▸ Requirement: Only one span is wanted from the lines below: from the one with "Delicate pink and" up to and including the one with "Frame of history with vintage coins". Copy it exactly, without images.

(Dataset records Opens)

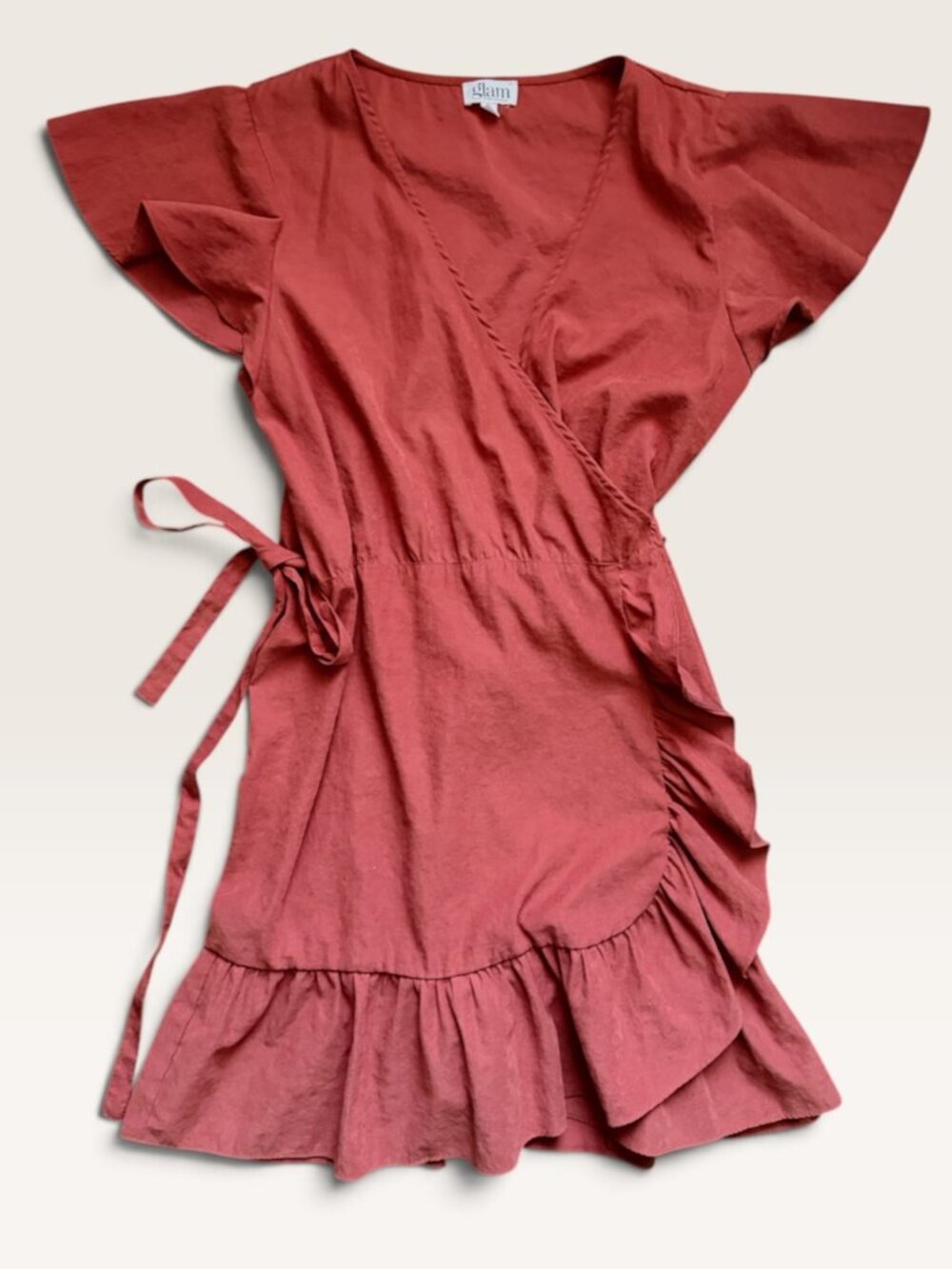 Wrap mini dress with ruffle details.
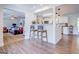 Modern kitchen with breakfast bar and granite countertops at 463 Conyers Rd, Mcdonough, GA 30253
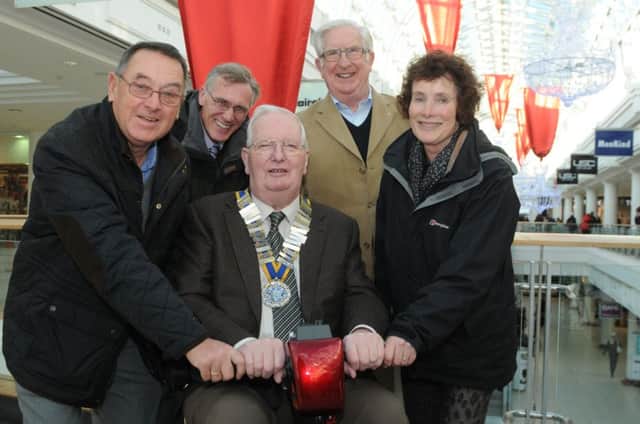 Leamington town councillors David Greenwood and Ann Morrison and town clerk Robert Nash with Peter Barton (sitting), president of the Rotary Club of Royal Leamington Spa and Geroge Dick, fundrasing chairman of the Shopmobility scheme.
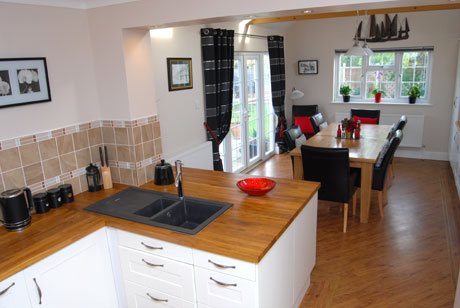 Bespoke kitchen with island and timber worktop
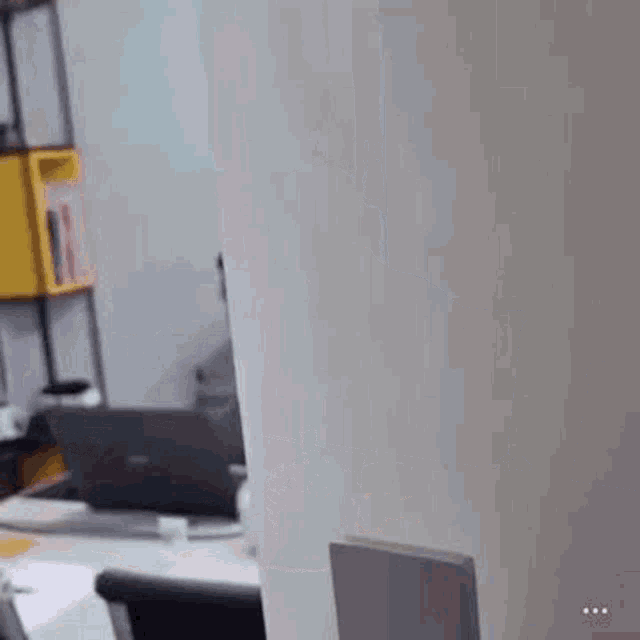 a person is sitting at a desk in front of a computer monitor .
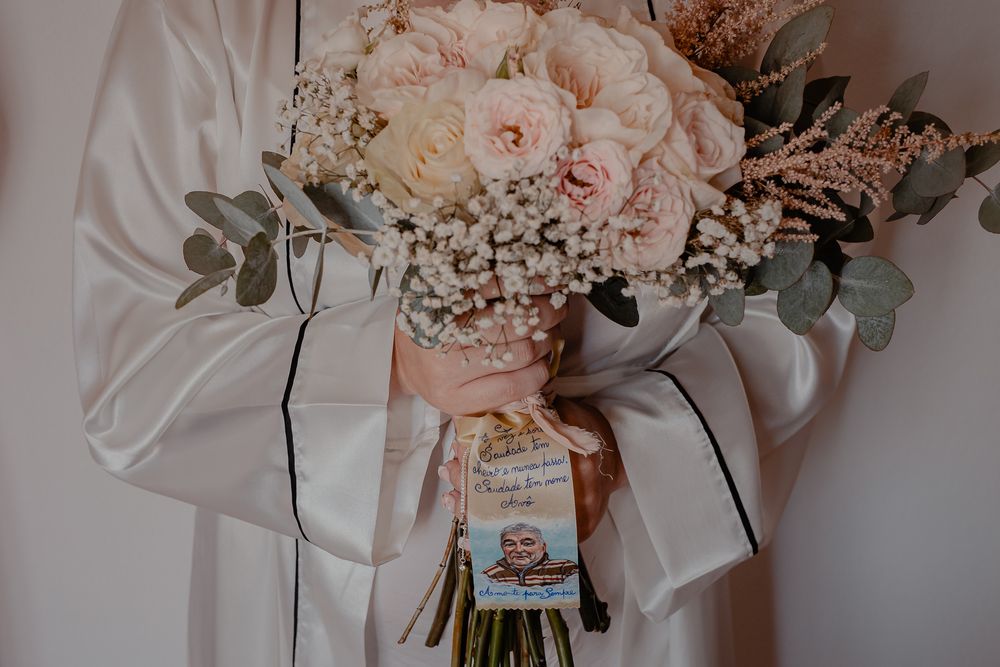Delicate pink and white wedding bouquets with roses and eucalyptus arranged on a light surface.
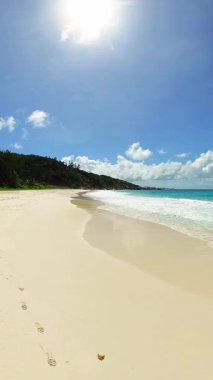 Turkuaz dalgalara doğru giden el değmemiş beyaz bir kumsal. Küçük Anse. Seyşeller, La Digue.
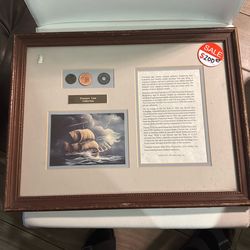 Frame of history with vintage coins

(Dataset records Closes)
(Dataset records Opens)

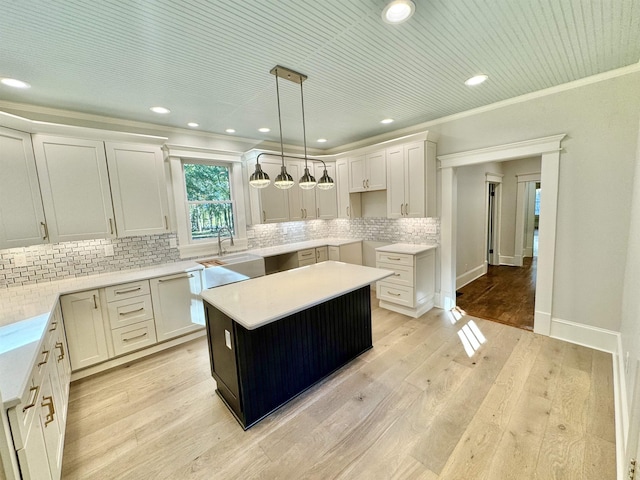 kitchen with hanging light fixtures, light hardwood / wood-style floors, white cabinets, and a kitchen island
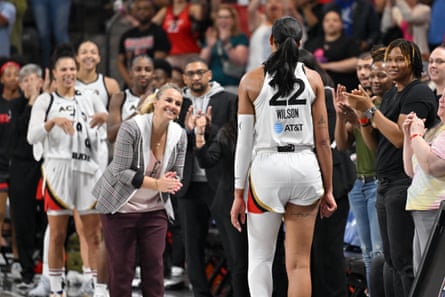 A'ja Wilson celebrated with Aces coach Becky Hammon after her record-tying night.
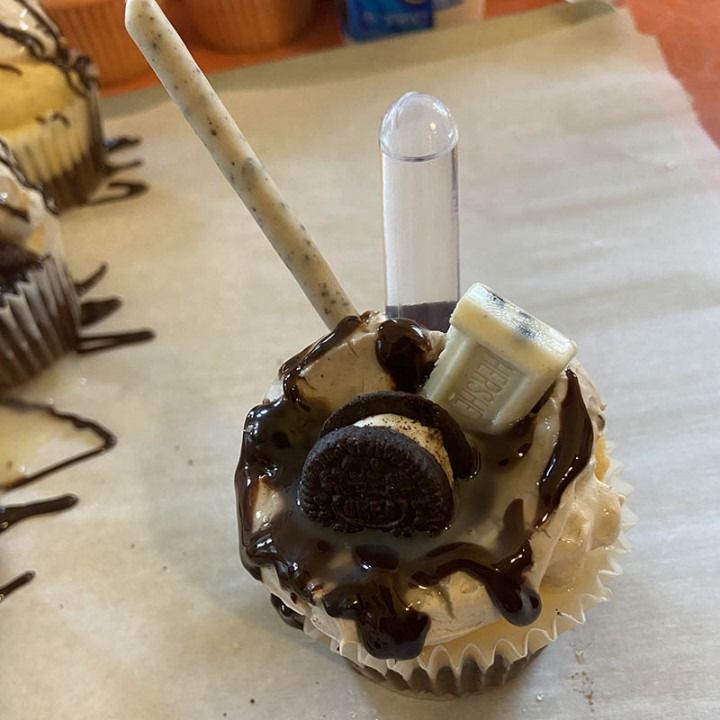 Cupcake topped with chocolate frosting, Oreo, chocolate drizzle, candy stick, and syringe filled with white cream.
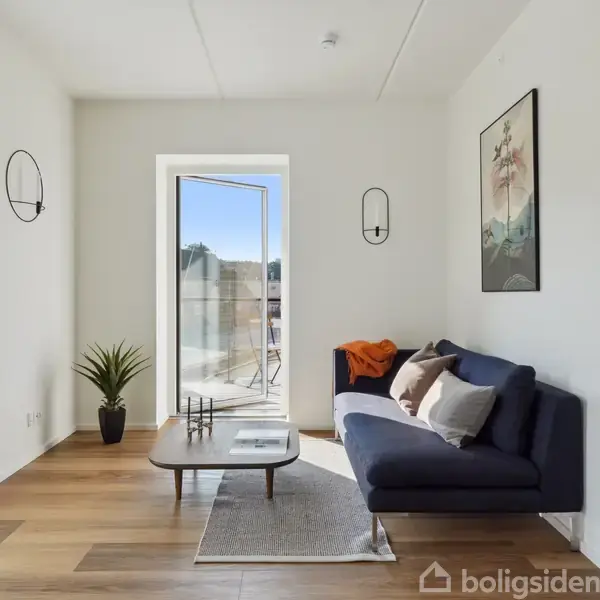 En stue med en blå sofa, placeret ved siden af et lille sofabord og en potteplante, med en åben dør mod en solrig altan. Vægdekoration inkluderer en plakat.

(Dataset records Closes)

▸ Expected output:
Delicate pink and white wedding bouquets with roses and eucalyptus arranged on a light surface.
 Turkuaz dalgalara doğru giden el değmemiş beyaz bir kumsal. Küçük Anse. Seyşeller, La Digue.
 Frame of history with vintage coins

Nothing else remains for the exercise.